Mohsin Abdullah, Fz.com 

“THE hangman and his assistant arrive outside the condemned man’s cell about five minutes before the scheduled time for execution. The prisoner is handcuffed behind his back and a loose fitting hood is placed over his head.

“In an ideal world, the prisoner cooperated by walking to the large single trapdoor capable of accommodating three people at one time. Once positioned on the trapdoor, it was the hangman’s job to pull the noose tight under the prisoner’s left jawbone.
 
“For those whose legs did not have the strength to hold them in their final moments, a small two legged support would be offered to enable them to rest their bodyweight.
 
“The executioner’s assistant pinioned the legs and then, following the command from the senior officer, the lever was pulled, plunging the prisoner (or prisoners) to an instant death into the pit below”. 
 
Terrifying moments that one. It was an execution by hanging in Kuala Lumpur’s Pudu Jail as described by veteran journalist Tim Donoghue in his well written biography of lawyer cum politician Karpal Singh.
 
The book is entitled ‘Karpal Singh – The Tiger of Jelutong‘. And in it Donoghue also wrote that “Karpal agrees with former Australian Prime Minister Bob Hawke that hanging is barbaric” as the lawyer believes there are more humane way of doing it, if at all, executions need to be carried out.
 
Karpal, as Donoghue tells us, “knows as he has had to help more than 50 mainly condemned men and their families to get through the process”.
 
And the veteran journalist went on to write “there is also the toll the death penalty takes on the family of the prisoner to be killed by the state.
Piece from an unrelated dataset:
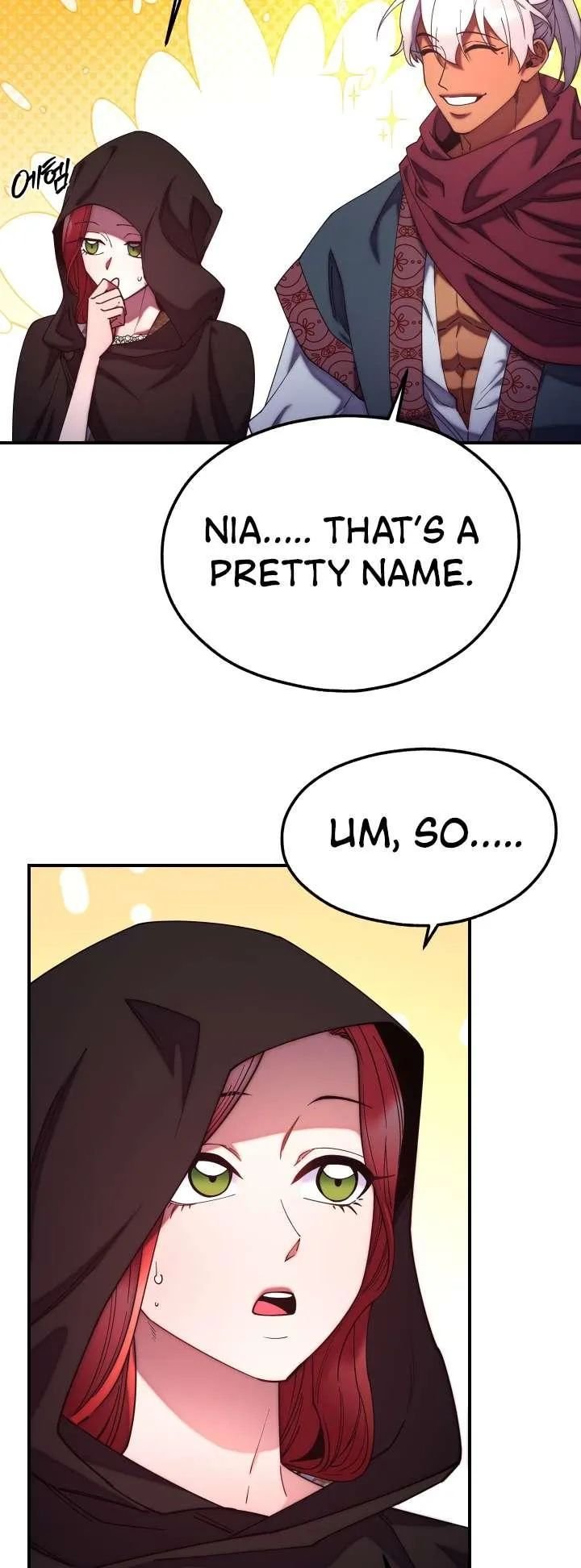 Page 28 of Chapter 103 from Behold the True Villainess
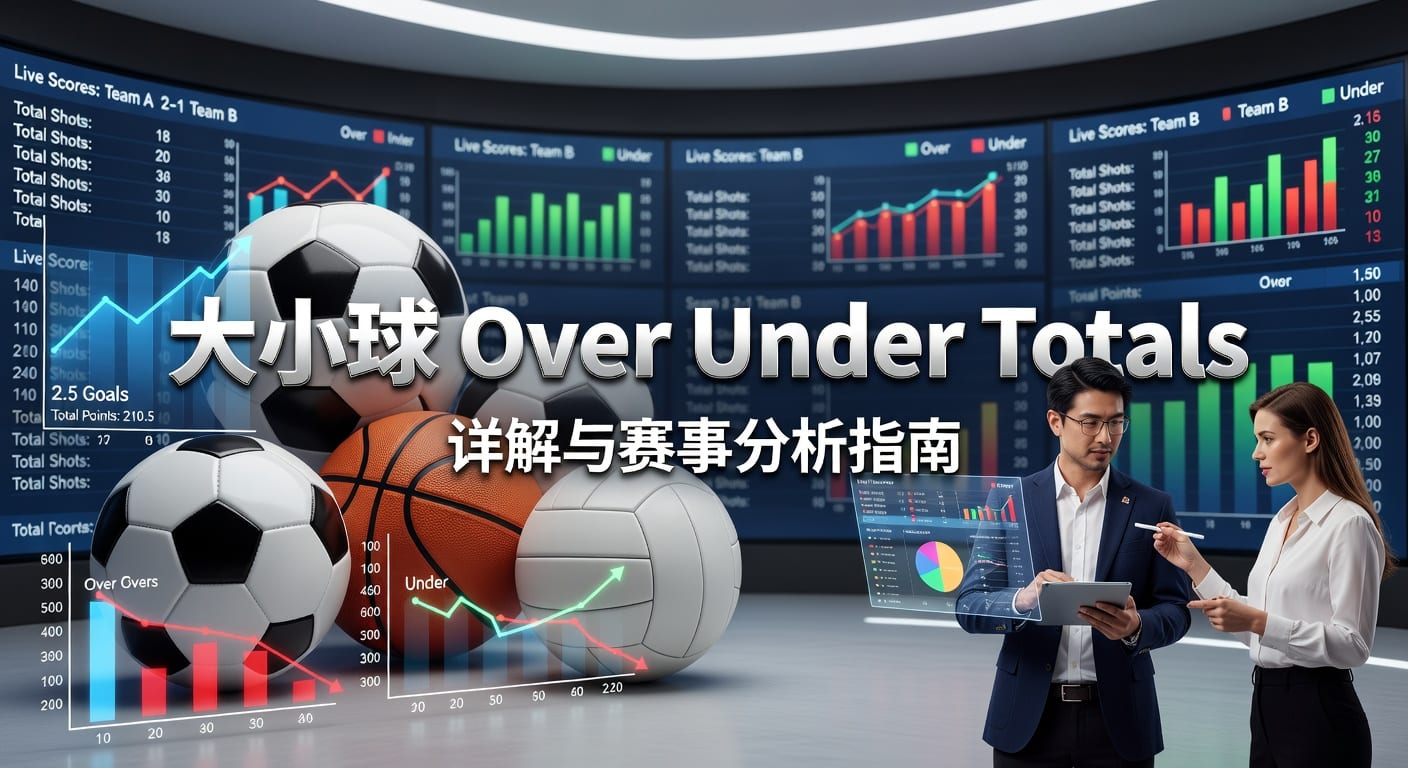 大小球 over under totals 实战解析与判断要点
In Malaysia the lives of the condemned person’s family are placed in limbo for ten years – the average length of time the court process take – and very often parents and siblings can think of little else but the welfare of their loved one as he or she slowly works their way through the legal system”.
 
Needless to say it is not easy for anyone involved including the hangman who, in the words of Donoghue, “get absolutely no satisfaction out of having to execute a prisoner by hanging, no matter what crime they have committed”.
 
Capital punishment in Malaysia applies to murder, drug trafficking, kidnapping, treason, waging war against the Yang di-Pertuan Agong. And recently – acts of terrorism.
 
And as far as drugs and possession of fire arms are concerned, it’s the mandatory death sentence for those found guilty. Most of those sent to the gallows were drug traffickers – the “low ranking drug mules who are the easiest to apprehend”, as said by former Bar Council president Lim Chee Wee.  Many agree to that. 
 
The Karpal biography tells us death penalty for drug trafficking became mandatory in  April 1983 and the Malaysian government then helmed by Datuk Seri (now Tun) Dr Mahathir Mohamad was praised in 1985 by the UN International Narcotics Control Board for its efforts to curb drug trafficking.
 
In his biography we are also told that Karpal “genuinely sympathised with his government in its stringent efforts to clamp down on the illegal drug trade but he did not see well published weekly hangings as the answer to the problem”.
 
To him the mandatory death sentence was no deterrent. Obviously he’s still holding on to that stand. As recent as last year, Karpal – in his capacity as MP for Bukit Gelugor – had  asked in parliament then Home Minister Datuk Seri Hishammuddin Hussein, if the tough laws carrying capital punishment had been effective in reducing drug related crime.
 
Based on Hishamuddin’s written reply, the mandatory death sentence has not stopped drug dealers.
 
Also last year, Datuk Seri Nazri Abdul Aziz then minister in the PM’s department went on record to say the government was looking into the possibility of withdrawing mandatory death sentence of drug offences, replacing it with jail terms.
 
One of the main reasons, said Nazri, was there were close to 250 Malaysians arrested as drug mules and sentenced to death abroad.
 
“It is difficult to justify our appeal to these countries not to hang them when our own country has the mandatory death sentence,” said Nazri as quoted in the media.
 
Now there is at least one Malaysian, arrested and sentenced to death abroad who have escaped the gallows. And it wasn’t because of our appeals.
 
Yes, by now we all know of Yong Vui Kong, the Malaysian, who was spared the hangman’s noose after being on death row in Singapore since 2009 for drug trafficking.
 
The Singapore government had last year announced changes to the mandatory death penalty, allowing death row inmates to be given a lighter sentence if they met certain conditions.